A Letter To My Son

Dear Ben,

I’m so sorry that we are unable to give you the baby brother or sister that you long for.

I so desperately wanted this for you, and it will always be one of my life’s greatest disappointments that we couldn’t provide it.

It feels so sad that you won’t get to experience the kind of family life that your Dad and I both had when we were growing up; a home bursting full with life, noise, fun, and chaos, and yes, even those constant sibling squabbles.

As your mummy, my heart breaks for you over this a little bit every day. It breaks for every time I have to say no to a play date when you’re feeling lonely, and for every bath-time that you’ve protested because it’s boring splashing about on your own. It breaks for every time that you’ve asked Jesus for a baby in your bedtime prayers, for each time I’ve found you in your bedroom teaching games to your toys, and in so many other little moments too.

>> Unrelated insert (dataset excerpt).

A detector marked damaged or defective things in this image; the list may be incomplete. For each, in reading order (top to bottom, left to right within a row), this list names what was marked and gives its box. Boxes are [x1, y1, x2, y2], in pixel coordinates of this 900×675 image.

You would have been such a good big brother. You are so kind, brave, and full of affection.

I would give anything to be able to rewrite this part of our family’s story, but some things in life are simply not ours to choose.

Still, we tried. Heaven knows, we really tried. You even have three siblings in heaven to prove it. And who knows, but maybe you will get to meet them up there someday instead…

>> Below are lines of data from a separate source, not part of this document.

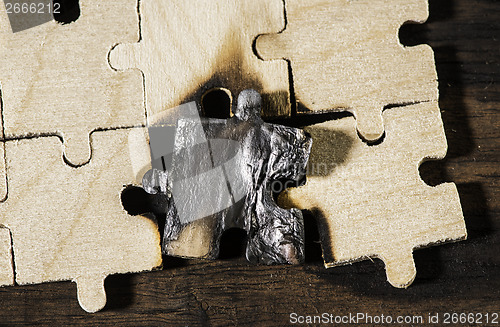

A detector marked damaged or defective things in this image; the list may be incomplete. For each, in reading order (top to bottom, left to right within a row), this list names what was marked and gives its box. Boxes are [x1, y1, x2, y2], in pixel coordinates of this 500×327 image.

burn hole in puzzle [53, 0, 79, 24]
burn hole in puzzle [201, 88, 232, 119]
charred puzzle piece [143, 89, 310, 266]
burnt puzzle piece [143, 90, 310, 266]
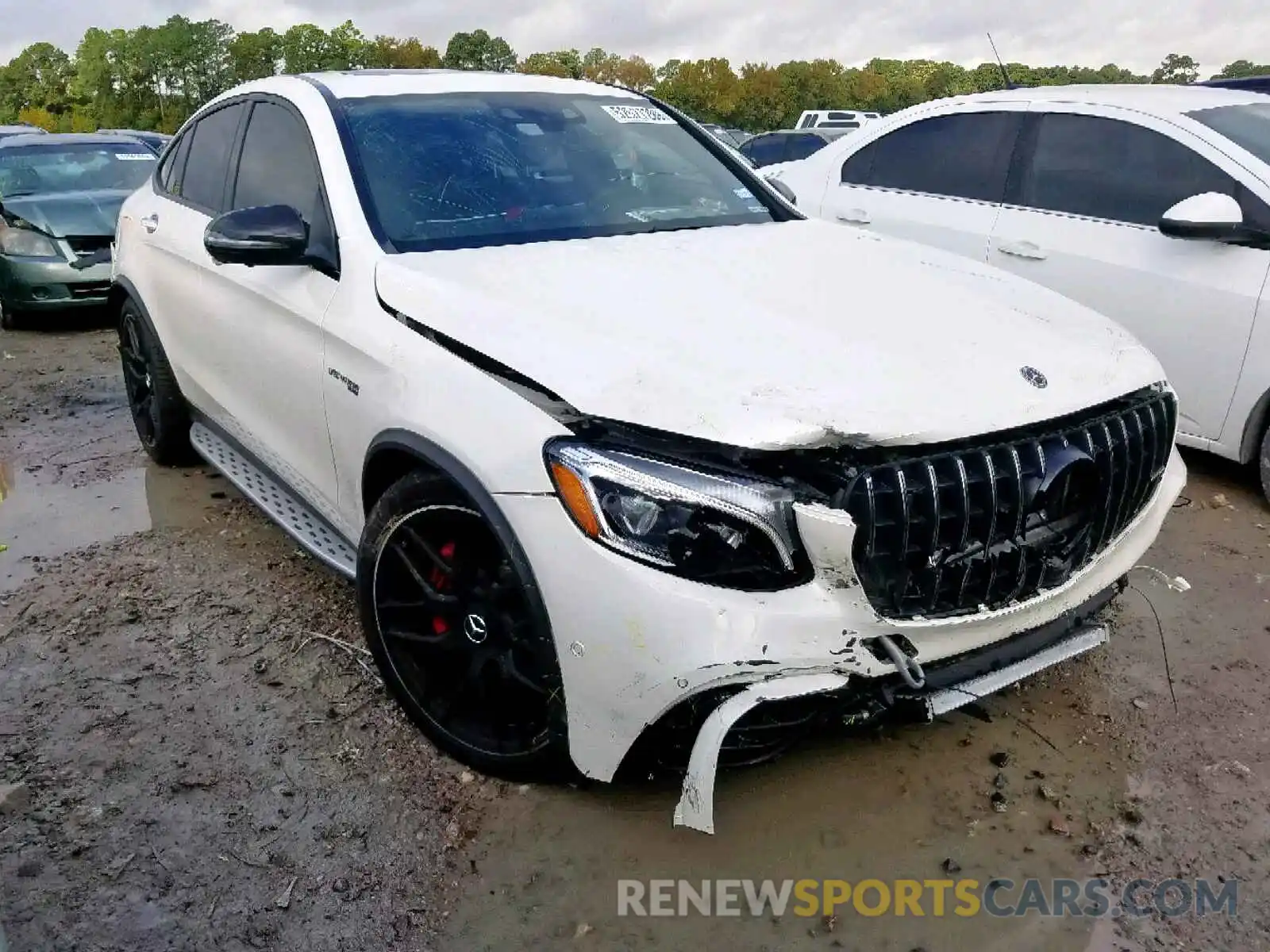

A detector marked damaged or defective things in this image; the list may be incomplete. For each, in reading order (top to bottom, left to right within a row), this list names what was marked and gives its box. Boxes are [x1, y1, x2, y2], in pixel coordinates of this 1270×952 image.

cracked headlight [0, 219, 59, 255]
wrecked vehicle [0, 132, 157, 328]
wrecked vehicle [112, 72, 1194, 831]
cracked headlight [549, 441, 813, 590]
damaged front bumper [492, 447, 1187, 831]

But in the meantime, I simply want you to know that you are seen and not forgotten. You are loved more than you could ever know.

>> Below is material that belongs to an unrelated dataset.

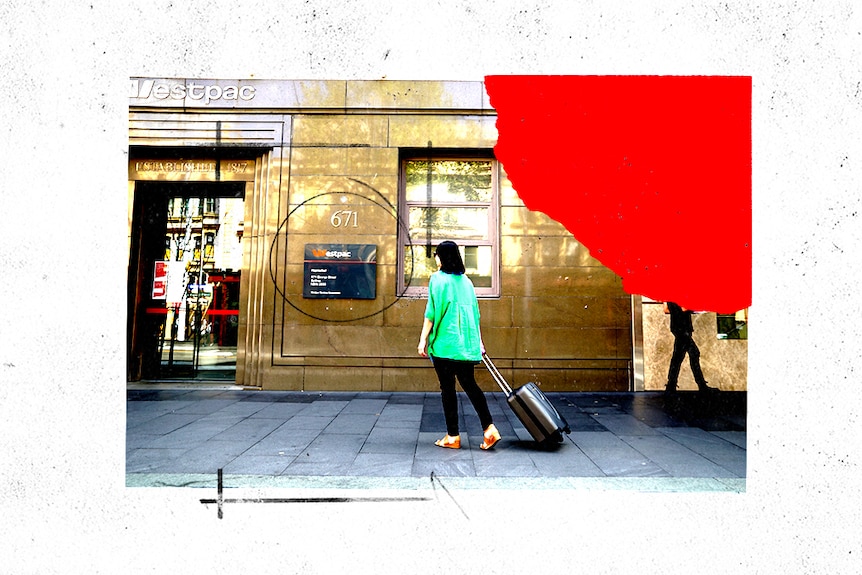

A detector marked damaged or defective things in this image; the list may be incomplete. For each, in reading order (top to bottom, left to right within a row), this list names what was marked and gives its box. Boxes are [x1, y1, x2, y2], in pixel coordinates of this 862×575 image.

red torn paper shape [490, 76, 752, 316]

Sometimes I really do wish that we could just build a rocket in the garden and fly up to heaven, where Jesus lives, to buy you a baby brother or sister - just as you suggested to me the other day!

I only so wish it were that simple…

The truth is that I really don’t know why God hasn’t answered your prayers or mine about this, but what I do know is that He loves you even more than I do. So I also have to trust that He will cover every gap in your life that I can’t fill as you grow up, and that nothing about this situation can ever thwart his good plans for your life.

Ben, you truly are our little walking, talking miracle, and we are so blessed to have you in our lives! I realise this now more than I ever have.

I am so very, very proud of who you are becoming, and so very grateful that I get to be your mum.